(Image-text web data)

§

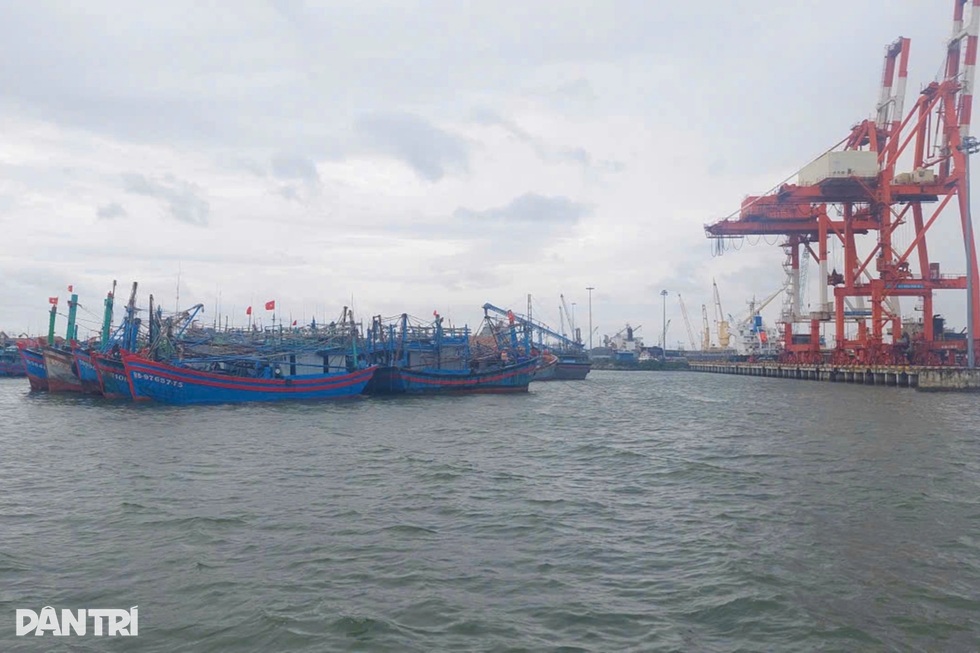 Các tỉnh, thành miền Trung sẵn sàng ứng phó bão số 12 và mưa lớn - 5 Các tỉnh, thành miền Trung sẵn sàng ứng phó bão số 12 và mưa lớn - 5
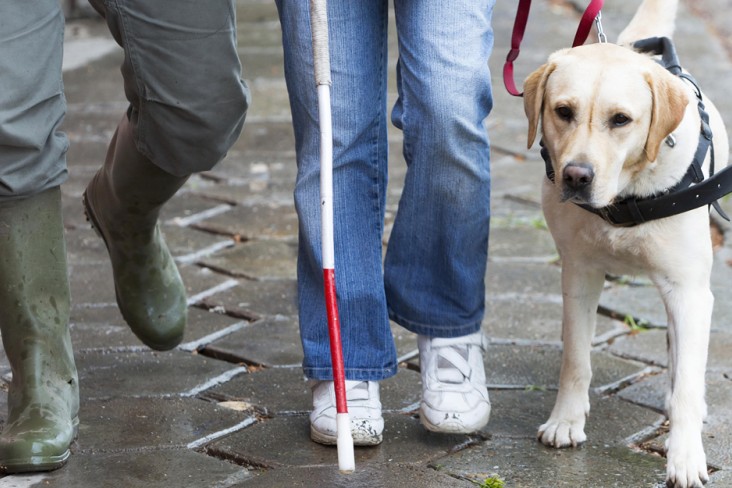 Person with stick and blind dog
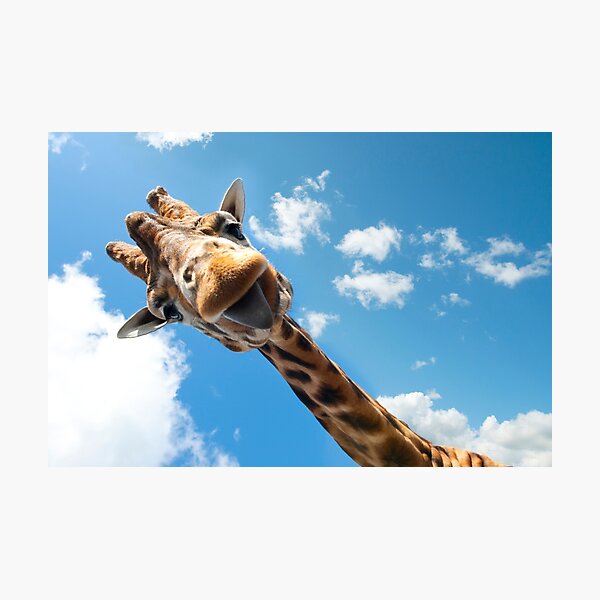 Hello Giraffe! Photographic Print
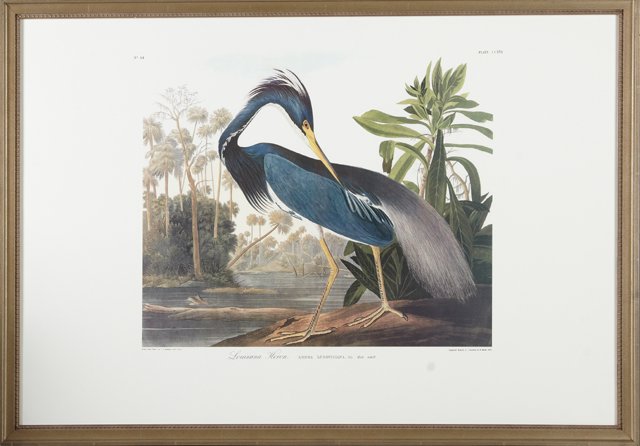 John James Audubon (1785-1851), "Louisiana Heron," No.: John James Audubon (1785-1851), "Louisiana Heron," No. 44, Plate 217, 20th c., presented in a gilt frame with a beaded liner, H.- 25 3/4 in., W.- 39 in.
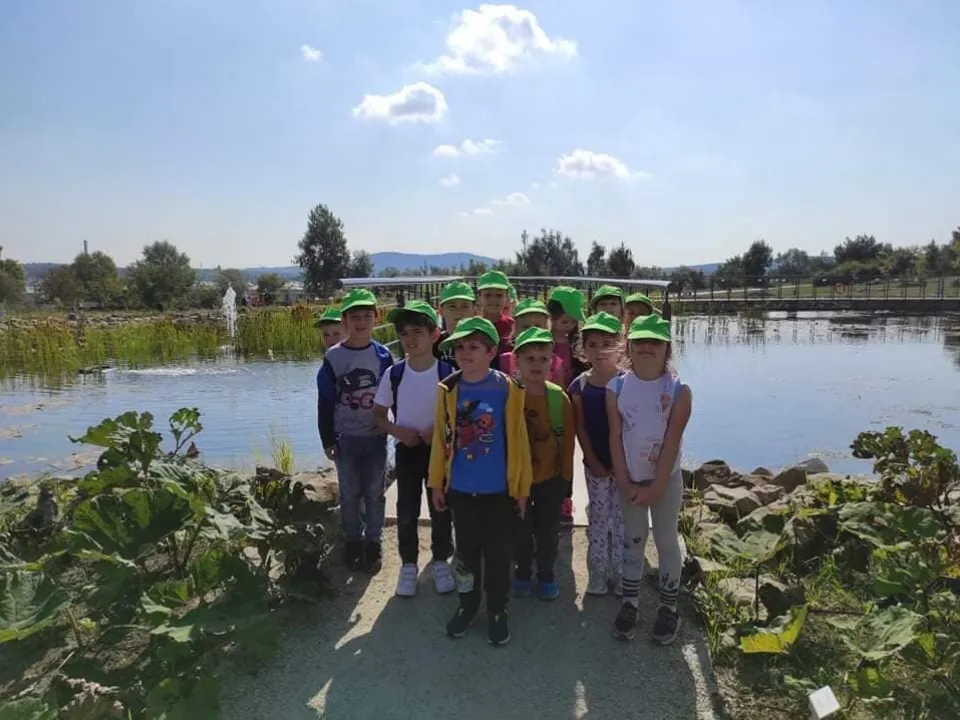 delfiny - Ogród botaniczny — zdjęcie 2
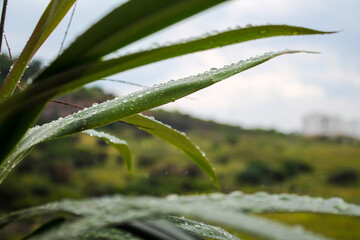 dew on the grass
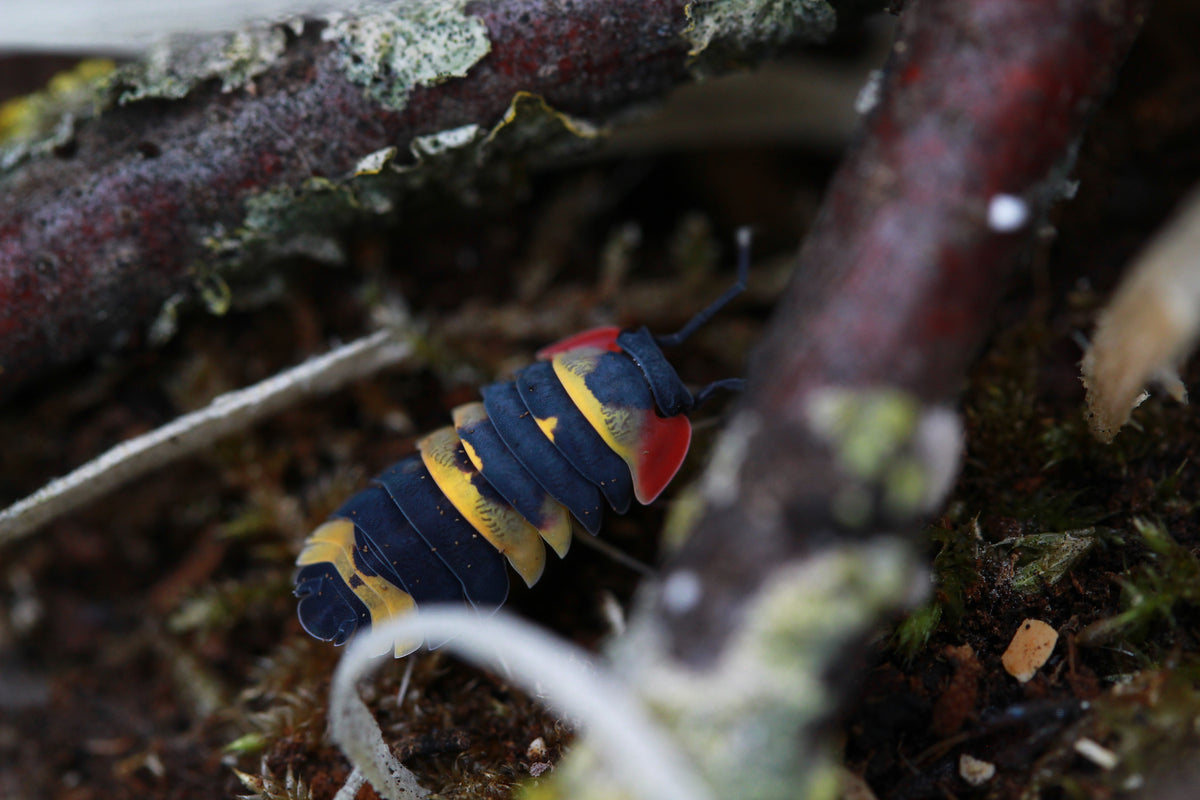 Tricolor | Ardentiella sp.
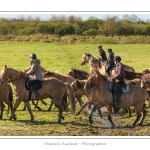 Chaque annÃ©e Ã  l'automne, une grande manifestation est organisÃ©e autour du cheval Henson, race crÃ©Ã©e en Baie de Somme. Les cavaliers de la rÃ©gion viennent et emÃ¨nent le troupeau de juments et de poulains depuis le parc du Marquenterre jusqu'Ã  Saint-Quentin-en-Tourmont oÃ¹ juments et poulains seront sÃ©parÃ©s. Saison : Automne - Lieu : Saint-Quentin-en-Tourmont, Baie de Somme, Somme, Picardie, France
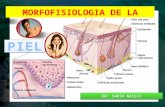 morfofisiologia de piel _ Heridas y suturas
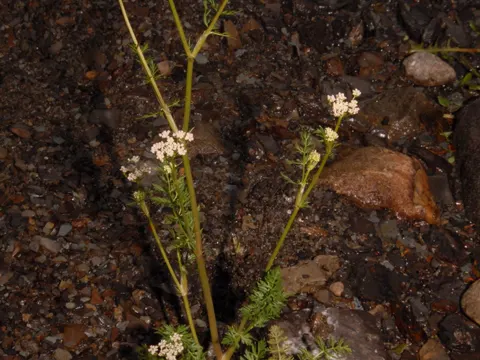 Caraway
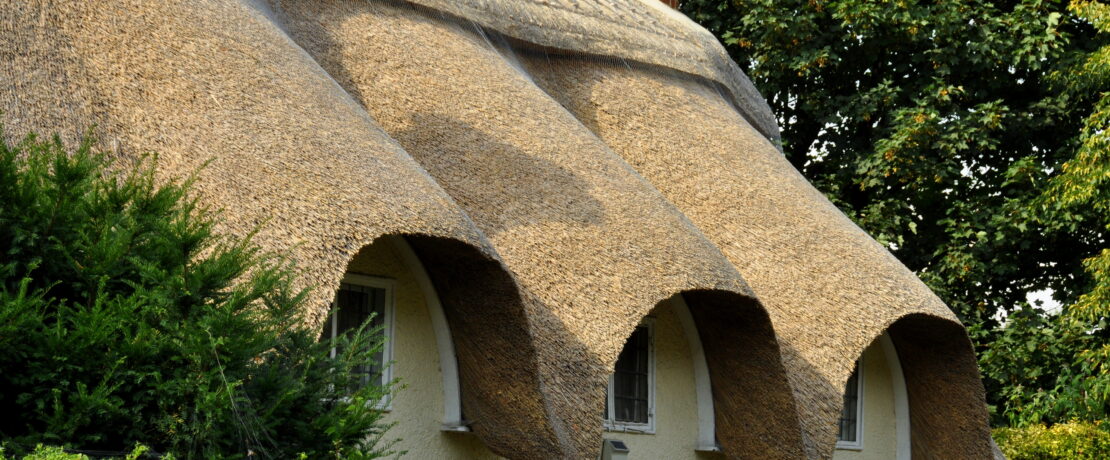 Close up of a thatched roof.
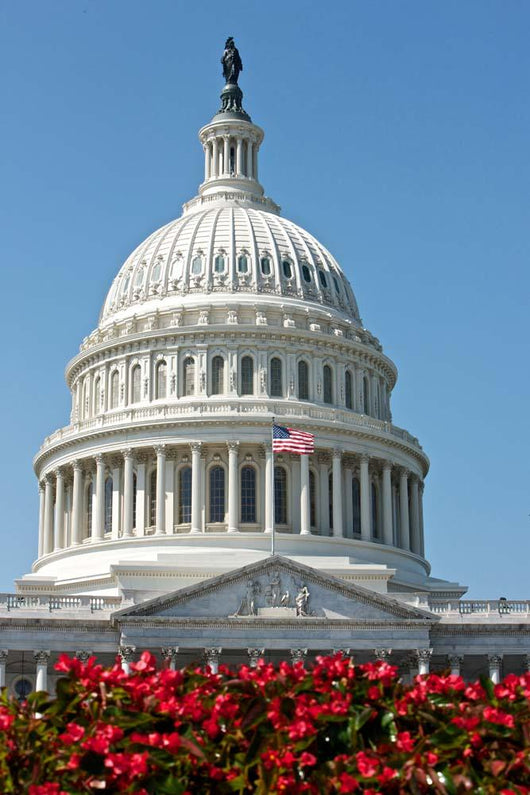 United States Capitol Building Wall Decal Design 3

§

## PROBLEM TO WORK ON
Starting at the line containing "delfiny - Ogród botaniczny — zdjęcie 2", output every remaining line of the records above exactly, the last one included. Nothing else belongs in the output, and no pictures either.

## ANSWER SECTION
 delfiny - Ogród botaniczny — zdjęcie 2
 dew on the grass
 Tricolor | Ardentiella sp.
 Chaque annÃ©e Ã  l'automne, une grande manifestation est organisÃ©e autour du cheval Henson, race crÃ©Ã©e en Baie de Somme. Les cavaliers de la rÃ©gion viennent et emÃ¨nent le troupeau de juments et de poulains depuis le parc du Marquenterre jusqu'Ã  Saint-Quentin-en-Tourmont oÃ¹ juments et poulains seront sÃ©parÃ©s. Saison : Automne - Lieu : Saint-Quentin-en-Tourmont, Baie de Somme, Somme, Picardie, France
 morfofisiologia de piel _ Heridas y suturas
 Caraway
 Close up of a thatched roof.
 United States Capitol Building Wall Decal Design 3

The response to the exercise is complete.